Pendant qu'il pérorait, le parness avait à plusieurs reprises essayé de lui adresser la parole ; c'était un homme très dévot, et qui tenait beaucoup à conserver à sa communauté le renom de piété qu'elle avait dans toute l'Alsace ; enfin, profitant d'une pause : "Je voudrais bien savoir, dit-il, ce que vous pensez de nos offices ? J'espère que vous n'y trouvez rien à reprendre. Nous ne laissons pas passer un mot, nous disons tout, et même nous allons jusqu'à réciter le Schir Hayichoud. " (C'est le chant qui termine l'office ; et, en effet, il était d'usage dans la communauté de B..., qu'après l'office du matin, le 'hazan et un membre de la communauté restassent pour expédier ce morceau. On le lisait au pas de course, en bredouillant le plus souvent, et cela, au milieu du bruit des pupitres qui se fermaient, des gens qui sortaient précipitamment de la synagogue, et des souhaits de gut schabbès, qui s'échangeaient de tous côtés.)

Le rabbin hésita quelque temps avant de répondre, puis il dit : « Monsieur le Parness, j'ai rarement assisté à des offices plus beaux que ceux de votre communauté, et les prières sont récitées par tous avec une conscience que je ne saurais trop louer. Quant au Schir Hayichoud, que vous êtes si fier de ne pas omettre, permettez-moi de vous dire à ce sujet une petite histoire. Ce sera la dernière que je conterai avant le benschen.

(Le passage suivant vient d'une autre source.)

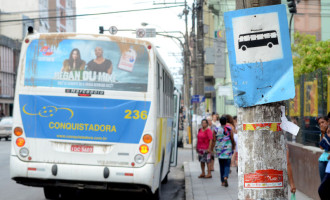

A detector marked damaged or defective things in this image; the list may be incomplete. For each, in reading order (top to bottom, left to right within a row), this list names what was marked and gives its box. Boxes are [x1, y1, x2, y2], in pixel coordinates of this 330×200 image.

torn poster on pole [223, 3, 296, 107]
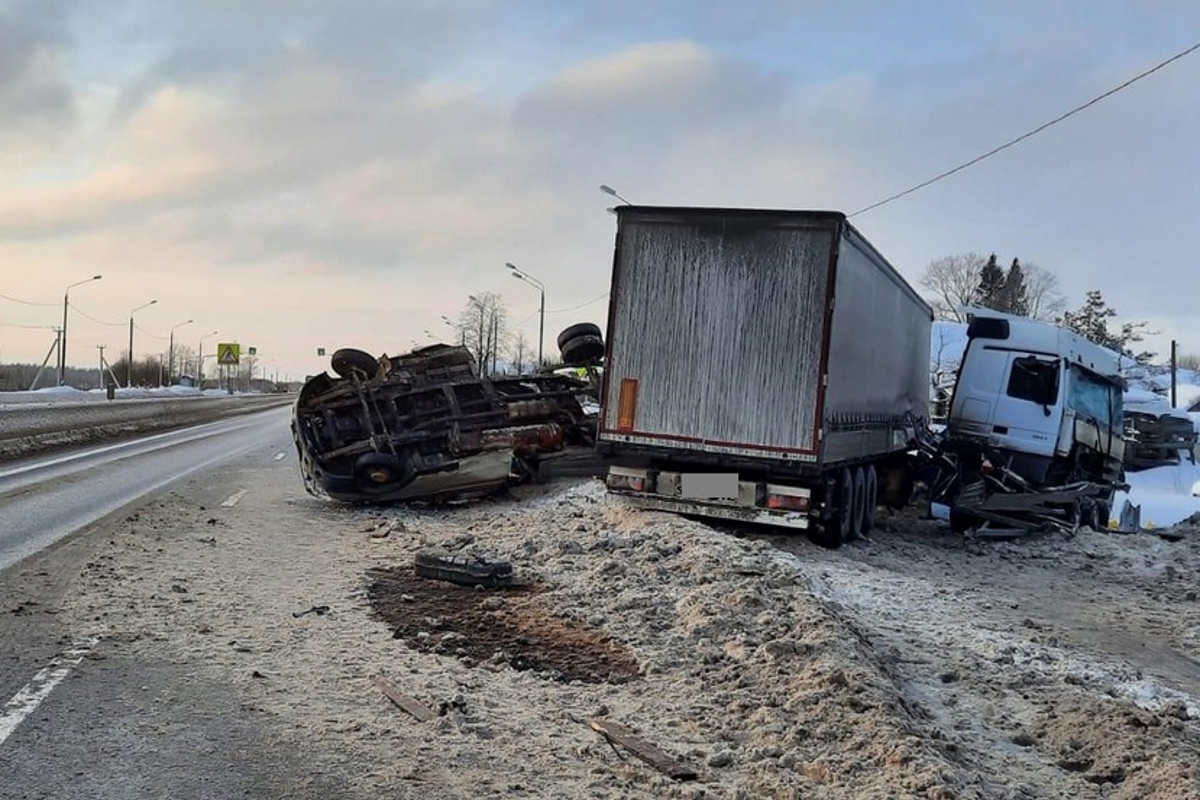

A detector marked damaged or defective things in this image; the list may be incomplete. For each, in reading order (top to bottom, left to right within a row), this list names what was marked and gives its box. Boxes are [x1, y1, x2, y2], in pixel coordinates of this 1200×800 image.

detached wheel [330, 346, 378, 380]
overturned vehicle [288, 342, 596, 504]
detached wheel [560, 324, 604, 350]
damaged truck cab [944, 312, 1128, 532]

"Dans mon pays, les terres appartiennent toutes à des seigneurs, qui, occupés à s'amuser et à jouir le plus possible de la vie, confient l'administration de 'leurs biens à des juifs qu'on appelle Hofjuden (juifs de cour). Si nos coreligionnaires font souvent fortune à ce métier, vous pensez bien qu'ils n'en sont pas plus estimés par leurs maîtres, qui bien souvent, au contraire, s'égayent à leurs dépens. Un jour, plusieurs jeunes seigneurs, après une partie de chasse, se trouvaient réunis à table chez un gentilhomme de la contrée. La conversation tomba sur les Hofjuden. Après avoir déclaré que c'étaient le plus souvent d'abominables voleurs, tous convinrent qu'ils étaient extraordinairement habiles. L'un des seigneurs, excité par le vin (on n'est pas Polonais pour rien, vous vous en êtes aperçu, monsieur le parness), ou poussé par le désir d'étonner ses amis, se leva et s'écria : "Si habiles que soient vos juifs, j'en ai un qui est de force à les éclipser tous, et je gage qu'il apprendrait à prier, à oren, (comme il 'dit) à un ours.
- Allons donc ! vous plaisantez, ou c'est la boisson qui vous « trouble l'esprit, s'écrièrent les autres sei­gneurs.
- Je plaisante si peu, et je suis si peu pris de vin, que je parie contre chacun de vous mille pièces d'argent que dans un an, à pareille époque mon juif aura exécuté ce coup de maître. Le pari fut tenu, malgré l'extravagance qu'il dénotait, et chacun retourna chez soi, heureux d'avoir fait une gageure dont le gain semblait Si peu douteux.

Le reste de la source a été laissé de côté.